# Bats in the Attic



## costanza (Nov 7, 2006)

Hey Guys:
We have an old log cabin that has a number of bats in the attic. The cabin is full of gaps. I have installed a bat house nearby. It is working, but not all the bats use it. Is there a repellant (sp?...repellent) that works? Mothballs do not seem to have any effect. Do the sonic devices work? I know plugging the holes is the only real way, but it is a ton of work. I need a quick fix!


----------



## jjc155 (Oct 16, 2005)

try a strobe light, it works for squirels/raccoons, might just work for bats. Make sure you plug ALL holes/gaps after the bats are out or it will be a long fight.

HOpe this helps

J-


----------



## icecathound (Feb 16, 2006)

my ole lady ive never called her a log cabin usually just call her my anchor has a few bats in her belfree i guess you could call it her attic i never could get them out so i just learned to deal with it.


on a serious note ive heard the dryer sheets like bounce may help the stronger the fruity flowery stink the better good luck


----------



## Madduck98 (Apr 16, 2006)

You could try putting screen over all the gaps attached with push pins or staples. Just make sure you leave them one exit. Then one night after dusk when they all fly out to eat close up the last hole.


----------



## Paul Thompson (Jul 16, 2007)

A dozen guys with 12 Gage bird shot when they drop out of the eves at dusk is really fun, and helps thin them out. A challenge to hit them indeed.


----------



## bigcountrysg (Oct 9, 2006)

Paul Thompson said:


> A dozen guys with 12 Gage bird shot when they drop out of the eves at dusk is really fun, and helps thin them out. A challenge to hit them indeed.


Is this even legal?


----------



## Paul Thompson (Jul 16, 2007)

I don't know if it is or not, it was forty years ago when we were kids when we shot them. Our old house had 100 fly out of the eves every night in the summer. Some flew around inside too. We used tennis rackets inside though.


----------



## wally-eye (Oct 27, 2004)

I think they are protected now..............we also used to shoot them all the time back in the early 60s...........sure was a challenge.

As far as the attic............two "hungry cats" put in the attic for a day or two will keep them at bay.....for a while anyways.


----------



## spiritofthewild_06 (Mar 20, 2007)

Madduck98 said:


> You could try putting screen over all the gaps attached with push pins or staples.

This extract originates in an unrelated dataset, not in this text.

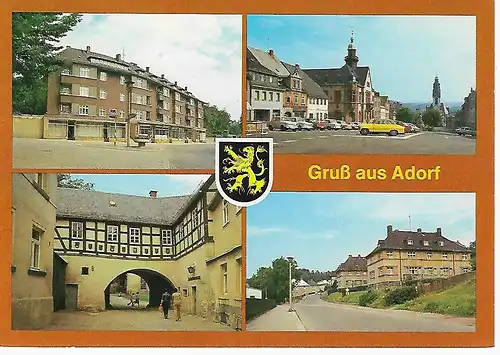 Ansichtskarte Adorf (Kr. Oelsnitz) - nicht gelaufen 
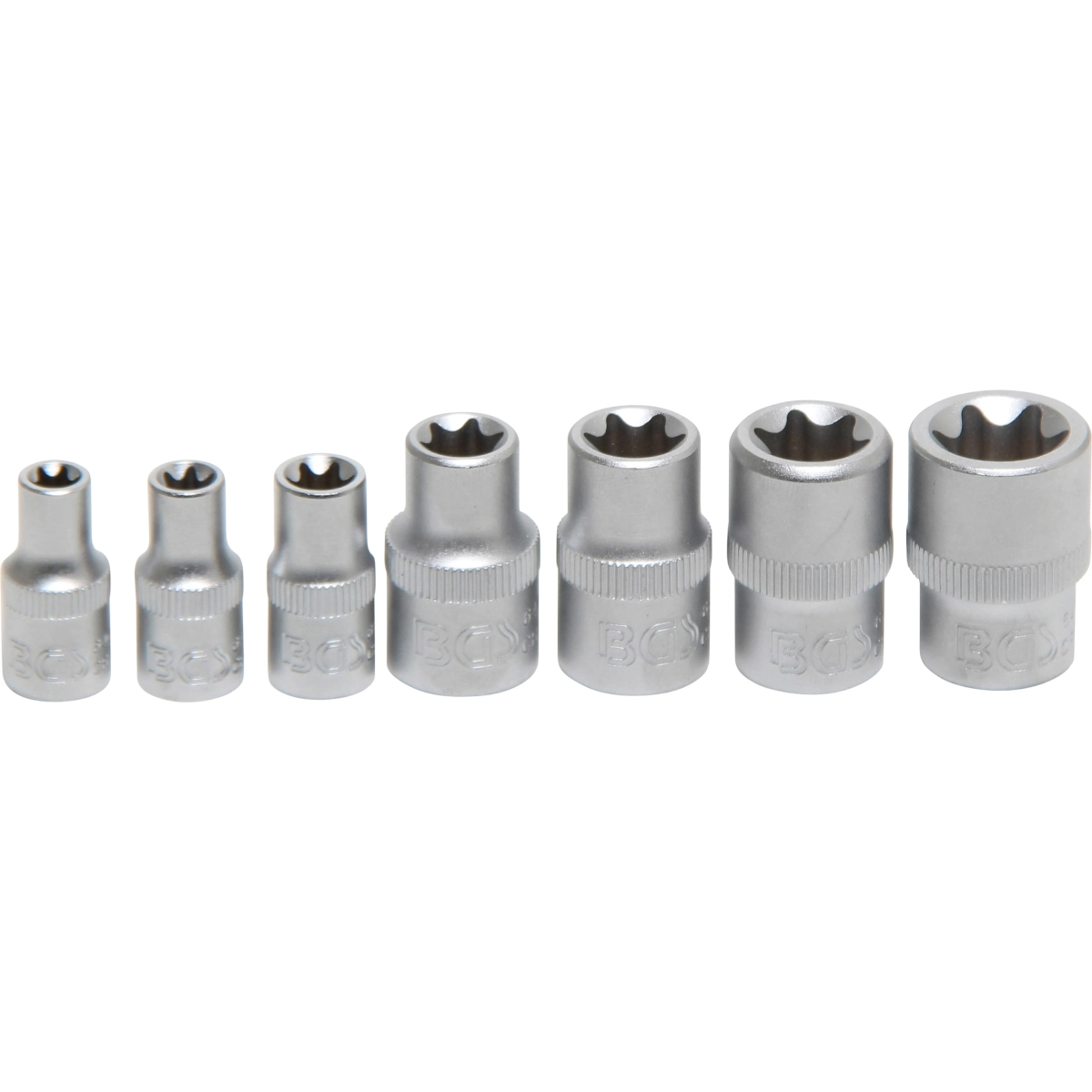 Foto 2 | Juego 7 Pz De Dados E-torx 1/4'' Y 3/8'' | E6 - E16 | Bgs 2027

Just make sure you leave them one exit. Then one night after dusk when they all fly out to eat close up the last hole.


 This is about the only true way to get rid of them. Dryer sheets and moth balls don't really do a good job. As for your bat house, they like to roost in them sometimes, but why live in a condo, when they can live in a penthouse(your attic)! My uncle does wildlife control specializing in bats, I can give you his contact number if you want to pm me. It's not a cheap fix however...


----------



## Big Reds (Oct 14, 2007)

Bats in the attic huh?! Sounds like a personal problem....haha. Just kiddin. Sonic devices sounds like your best bet for your situation.


----------



## 22 Chuck (Feb 2, 2006)

After agging some it is not recommended that one handle them-even touching. RABIES.


----------